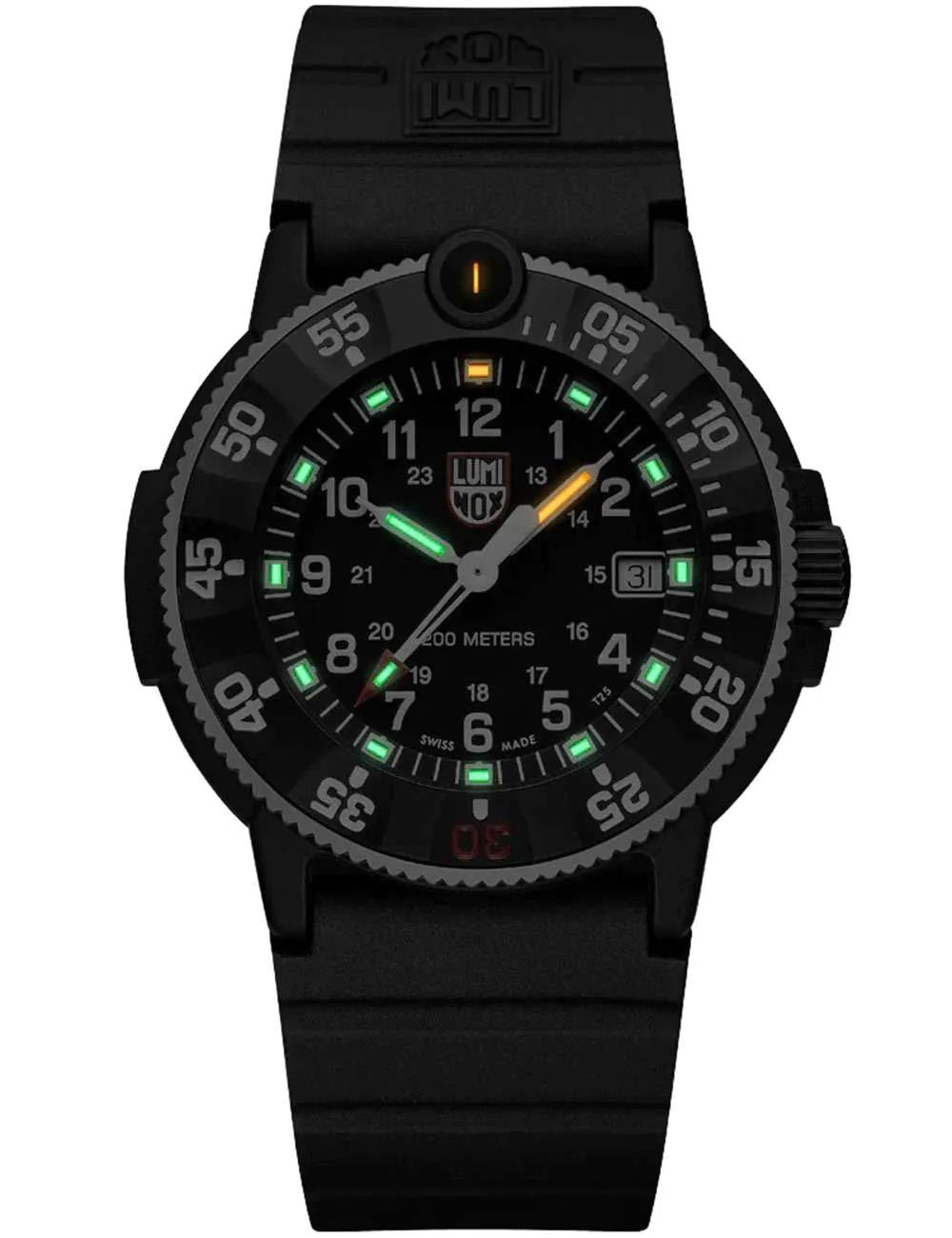 LUMINOX XS.3001.H NAVY SEAL ORIGINAL 3001 Serisi (İsviçre Üretimi ETA F06.412 Mekanizmalı) Erkek Kol Saati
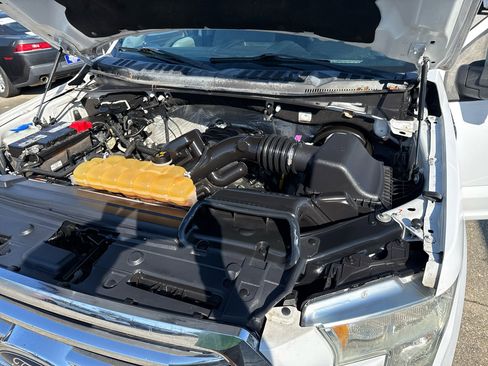 Used 2017 Ford F150 XLT w/ Equipment Group 301A Mid image 22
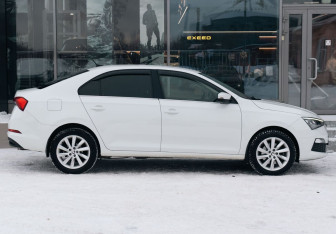 Подержанный автомобиль Skoda Rapid Liftback 2020 года (4 фото)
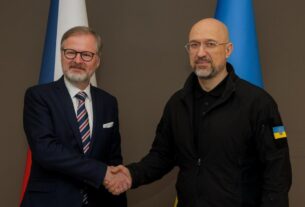 Новини України - Шмигаль зустрівся з прем'єром Чехії в Ужгороді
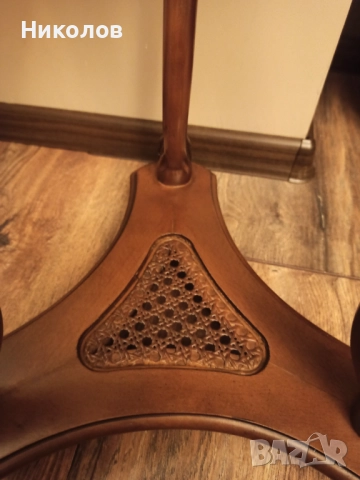 Старинна помощна масичка с лебеди, снимка 3 - Антикварни и старинни предмети - 52573837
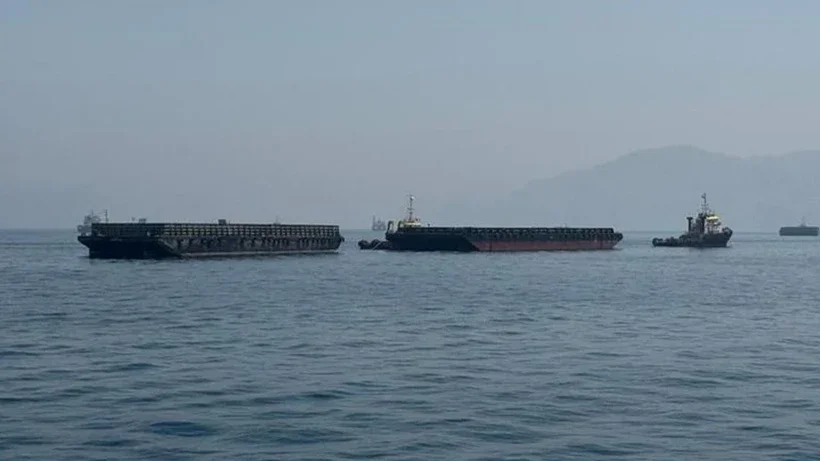 Hürmüz Boğazı Ateş Çemberi! Bir Gemi Daha Vuruldu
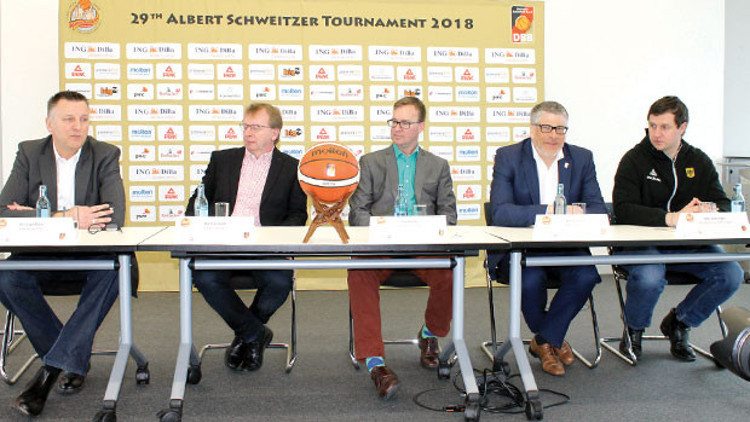 Geleceğin basketbol yıldızları Almanya’da sahne alıyor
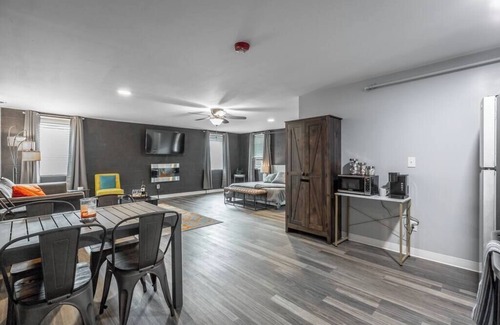 Rock Spring Apartment | Romantic Studio Retreat - King Bed, Fireplace, Close to Chattanooga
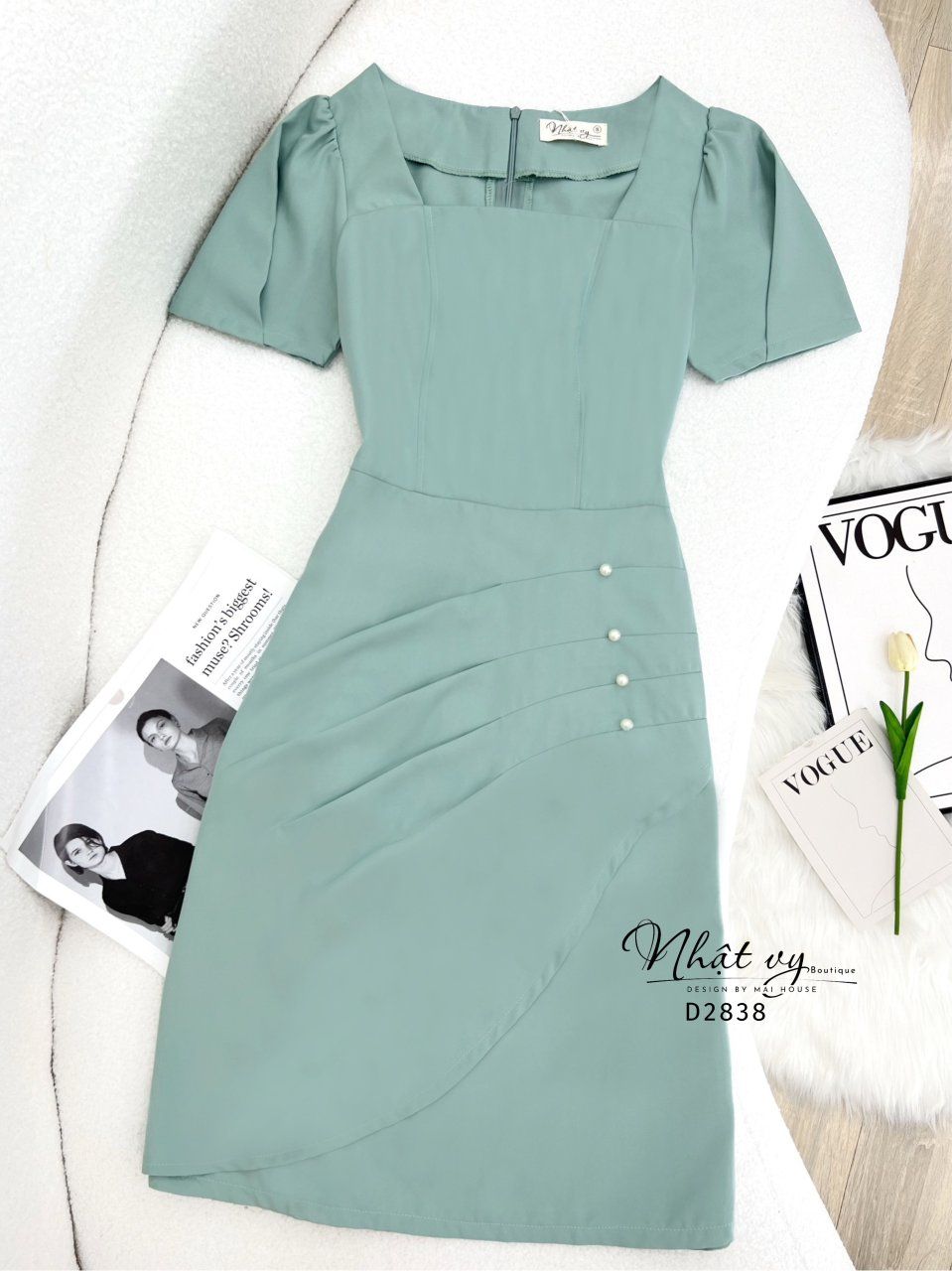 Đầm cổ vuông nhún bên cách điệu đính viền ngọc - D2838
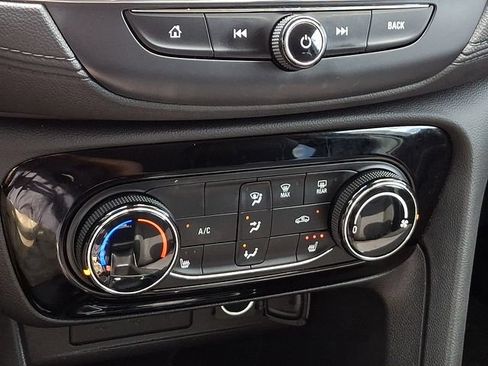 Used 2023 Buick Encore GX Preferred w/ Cold Weather Comfort Package FWD image 16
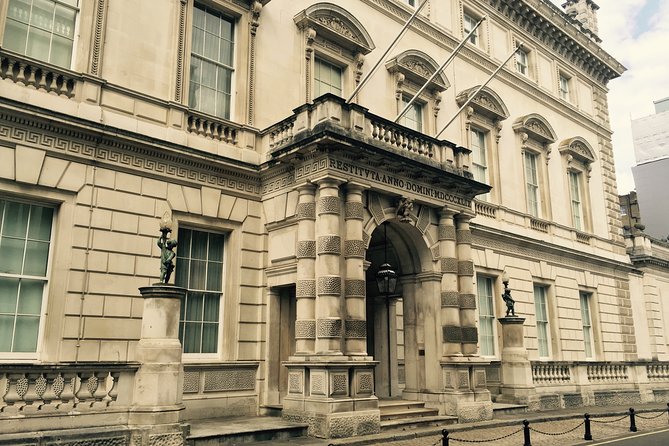 Private Tour: Downton Abbey London Locations by Taxi - Key Points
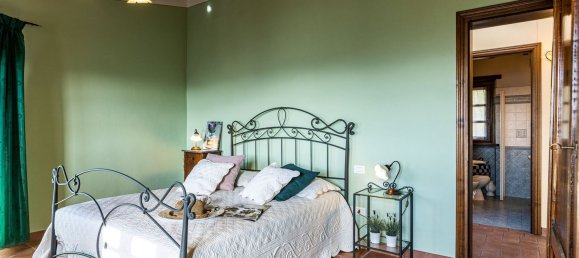 10-Zimmer Haus in Pescaglia, Italy, Nr. 158851 12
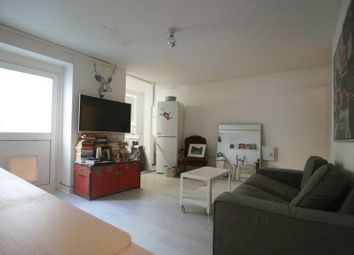 Thumbnail 2 bed flat to rent in Chatsworth Road, London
────────
▶ _TASK INSTRUCTIONS_
Reproduce, exactly and only, the lines of the records above starting at the line with "Hürmüz Boğazı Ateş" and ending at the line with "Used 2023 Buick", both included. Leave every picture out.

▶ _SOLUTION FOR THIS EXERCISE_
 Hürmüz Boğazı Ateş Çemberi! Bir Gemi Daha Vuruldu
 Geleceğin basketbol yıldızları Almanya’da sahne alıyor
 Rock Spring Apartment | Romantic Studio Retreat - King Bed, Fireplace, Close to Chattanooga
 Đầm cổ vuông nhún bên cách điệu đính viền ngọc - D2838
 Used 2023 Buick Encore GX Preferred w/ Cold Weather Comfort Package FWD image 16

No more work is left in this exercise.